Flat-packing has spread its proverbial wings and flown to all corners of the globe, thanks largely to a certain Swedish furniture company. It's said that Erie J. Sauder invented flat-packed furniture in 1951, but it wasn't until 1956, when draftsman Gillis Lundgren faced a transportation dilemma, that the method really took off. Legend has it, Lundgren needed to fit a table into his car so, of course, he unscrewed the legs and put the table back together at home. The really lucky part for design connoisseurs around the world? Lundgren was an employee at IKEA. And so the flat-packed IKEA furniture we all know and love was born.
In the same spirit, Sandwichbikes arrive at your door ready to be assembled. With a few basic tools, Basten Leijh's bike design is ready to ride. As simple as the assembly may be, there's a lot of history and trial-and-error innovation behind the Professional Winner in the Transportation category of the 2014 Core77 Design Awards.

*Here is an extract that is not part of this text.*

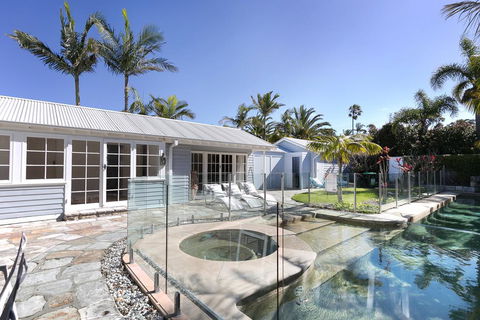 Hamptons Style Family Home 5 Minutes From Beach - Accommodation Melbourne 2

But putting the pieces together isn't just a means to an end, according to the design team: "The Sandwichbike doesn't just provide sustainable materials it also encourage sustainable use. We believe that when something is build with care ensures handle with care as well. Every step in the manual doesn't just bring you one step closer to your own Sandwichbike. Your commitment and appreciation for the design and quality will grow every step as well."
The Sandwichbike concept began in 2006 at a bicycle design competition in Taiwan. Bleijh Industrial Design Studio wanted to examine material use, manufacturing and distribution in bike designs with their entry. "Bleijh designed a bike made out of two wooden plates," says the design team. "Apart from the obvious advantages flat packing has for shipment, the use of two wooden plates gives freedom of printing and cutting techniques, making it possible to give each bicycle its own unique identity." Turns out everyone else loved the design as much as Bleijh did—the bike took fifth place in the competition.
They made a full-size version of the winning 1:3-scale bike they submitted to the competition and exhibited it in Milan. While positive hype was just what they were looking for, Bleijh also had to deal with what is surely many designers' worst fear: "The prototype—and with it intrinsic knowledge of the bike—was stolen at the exhibition."
A new prototype was made—along with improvements to the original design—but the Sandwichbike didn't get its moment in the sun until 2010. The buzz around the concept had held strong, motivating the team to finalize the idea and make it available to the masses. You can now order your very own flat-packed bicycle on their website.
The aesthetic of the bike is intriguing, to say the least. Leijh's design scarcely resembles the tubular steel varieties we're used to seeing; nor is it like the bamboo bicycles that we occasionally come across. While it offers a radically different look, the Sandwichbike nicely captures the principle of self-sufficiency at the heart of cycling: "Assembling your own Sandwichbike will wake up the craftsman in you," says the team. "You'll learn bike basics when it comes to assembling and how take care of your self-assembled bike." Because there's nothing a cyclist enjoys more than digging in and learning just what makes their bike tick.